Opinion

5 myths about amnesty for illegal immigrants in Senate bill

Under a bipartisan Senate immigration bill, immigrants who have come to the United States illegally are given a "path to citizenship." On close inspection, each of the following five claims about the requirements for illegal immigrants to earn amnesty are not what they seem.

By , Op-ed contributor, May 13, 2013

3. They must pass a background check

History suggests that the government does not have the capacity to carefully vet those who apply for amnesty. The 1986 amnesty resulted in the rubber stamping of hundreds of thousands of fraudulent applications.
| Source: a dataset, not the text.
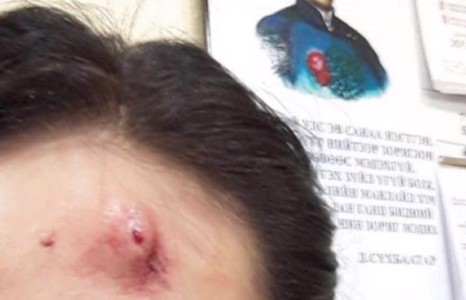 Сүхбаатар дүүргийн МАН-ынхан согтуугаар зодолдож нэгнийгээ гэмтээсэн үү...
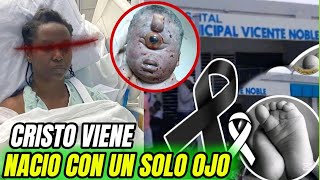 INCREÍBLE: EL MUNDO ESTA ATERRADO TRAS EL NACIMIENTO DE UN NIÑOS CON UN SOLO OJO EN VICENTE NOBLE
It also gave legal status to an illegal immigrant who would become the ringleader of the 1993 World Trade Center attack; his new status allowed him to travel freely around the world and pick up terrorist training. Certainly not all illegal immigrants are terrorists, but the government’s track record on keeping problematic individuals out of the country is not trouble-free.

Additionally, under the current Senate bill, crimes like identity theft and vandalism are not considered serious enough to deny a person amnesty, despite the fact that such crimes create real victims. In fact, two misdemeanors on an applicant’s rap sheet do not result in legal status being denied; and under the bill multiple misdemeanors could be counted as “one” strike, provided they occur on the same day. And any problematic history an illegal immigrant has in his home country is unlikely to be uncovered.

While illegal immigrants who have their amnesty applications rejected should be fast-tracked for deportation, history shows us that rejected applicants remain in the US, even if they pose a risk. Amnesties do not constitute a benefit to public safety.